Available data
........
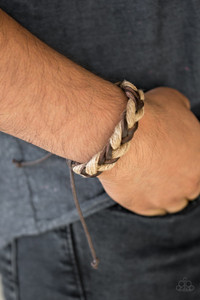 Brown leather cording and earthy strands of twine braid across the wrist for a seasonal look. Features an adjustable sliding knot closure.

Sold as one individual bracelet.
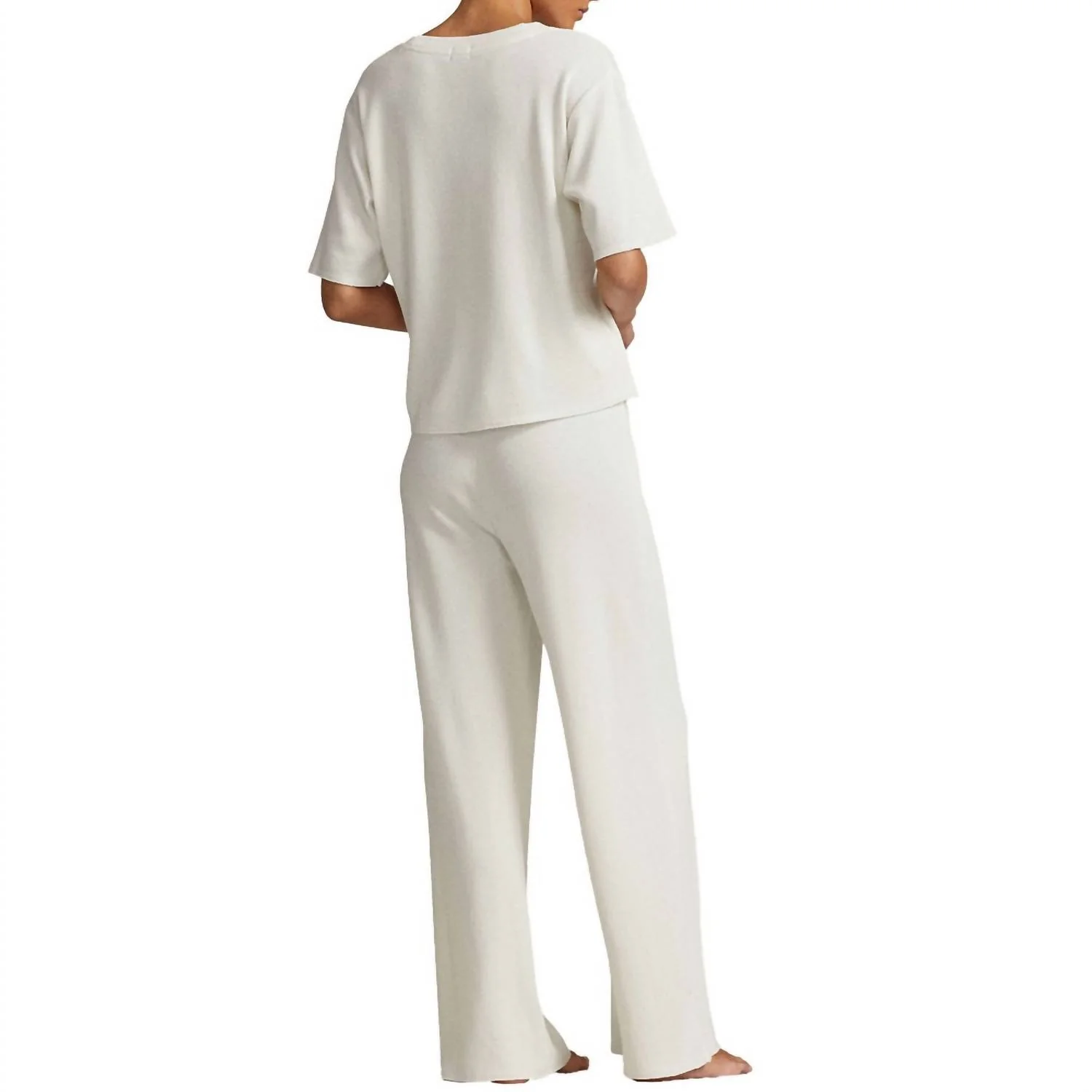 Waffle Knit Pajama Set In Ecru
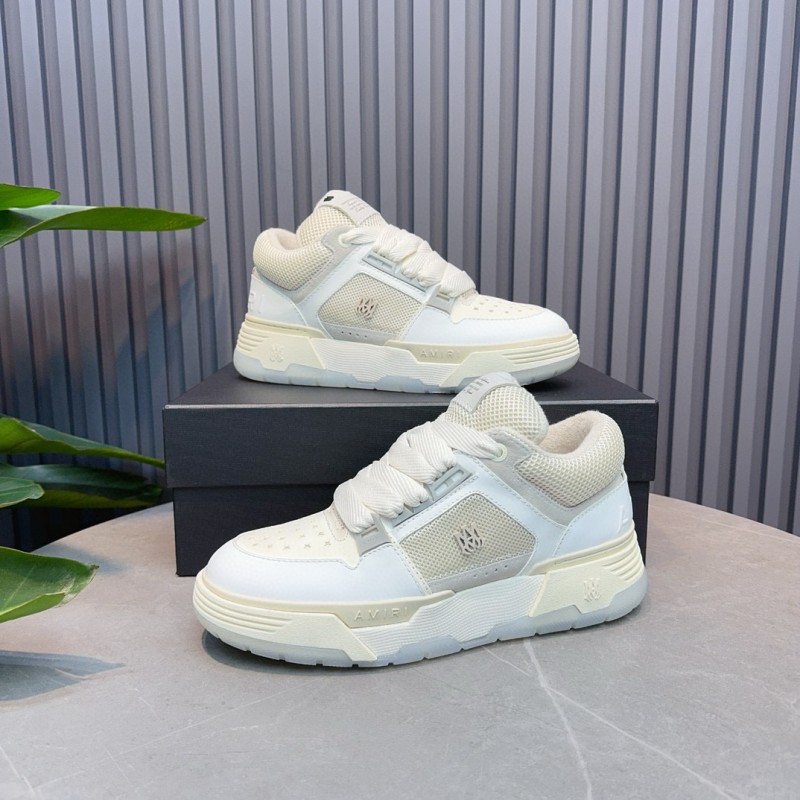 2024 Unisex Amiri White Mesh Leather Sneakers MJ00360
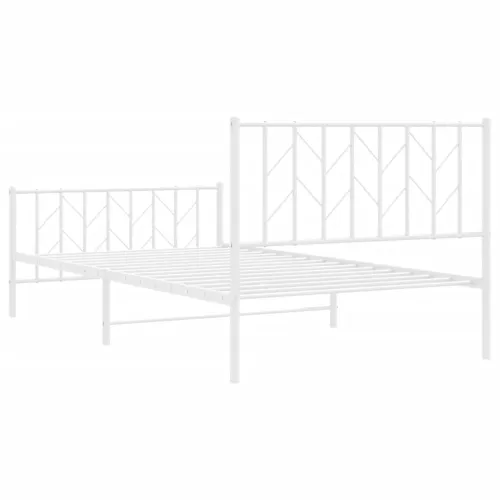 Metalni okvir kreveta uzglavlje i podnožje bijeli 107x203 cm - Bijela 107 x 203 cm s uzglavljem i podnožjem Bijela Cijena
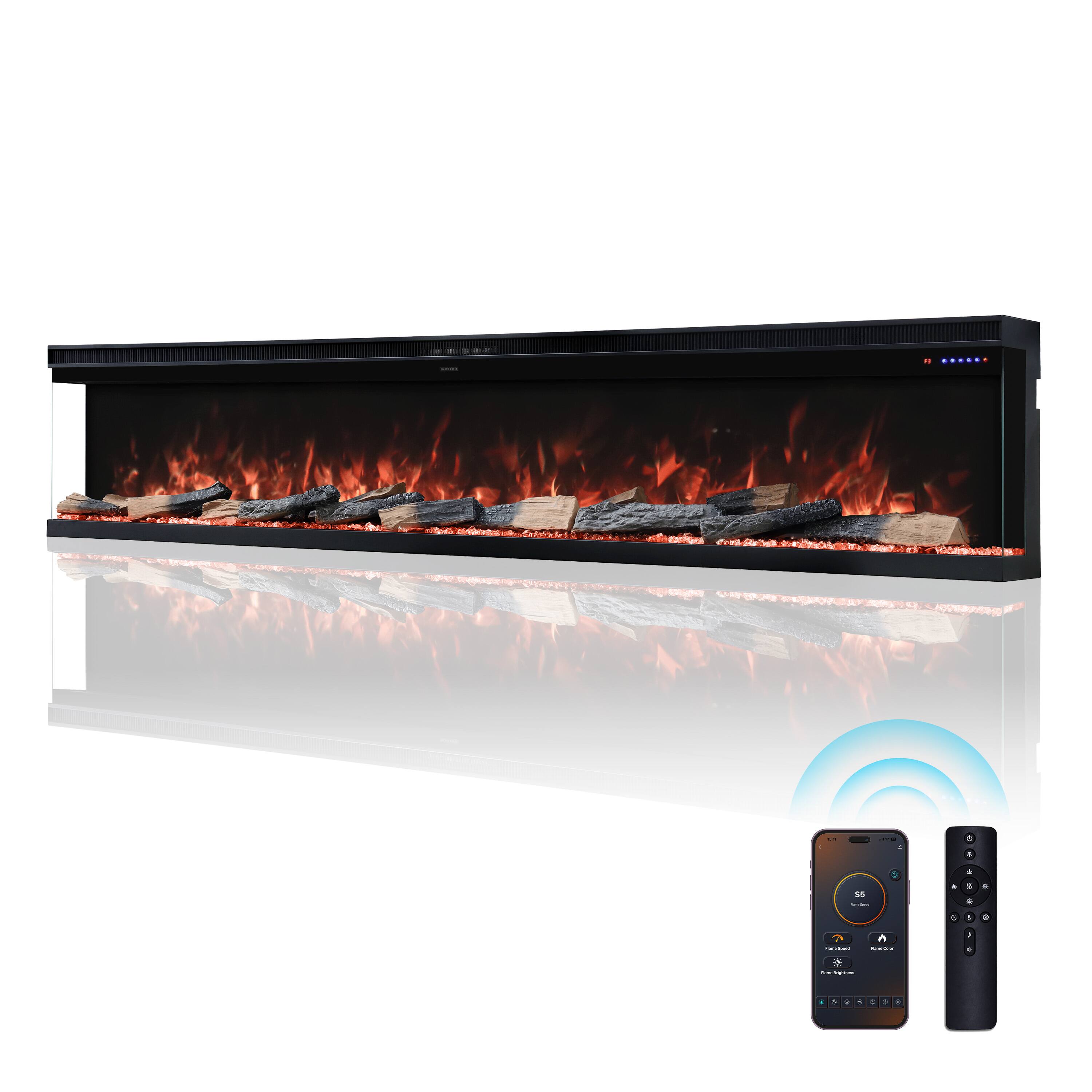 Angle. Mondawe - 100" 3-Sided Smart Electric Fireplace w/ 14 Flame Colors, WiFi App and Smart Control - Black.
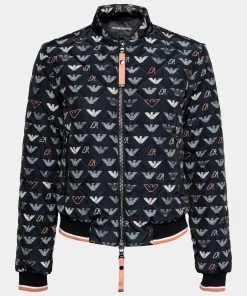 Emporio Armani Black Logo Printed Quilted Synthetic Bomber Jacket S For Women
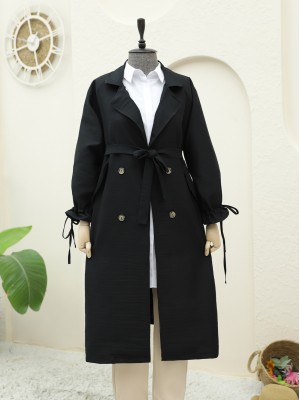 Kolu Manşeti Bağcıklı Kemerli Kap -Siyah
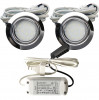 2er Set Flache LED-Möbel-Spots New Lina IP44, 12V, 2,2W, inklusive Plug & Play Trafo. Chrom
........
About this task
The answer must be an exact copy of the lines from the one containing "Kolu Manşeti Bağcıklı Kemerli Kap -Siyah" through the last line of the records, with no pictures included.

Answer space
 Kolu Manşeti Bağcıklı Kemerli Kap -Siyah
 2er Set Flache LED-Möbel-Spots New Lina IP44, 12V, 2,2W, inklusive Plug & Play Trafo. Chrom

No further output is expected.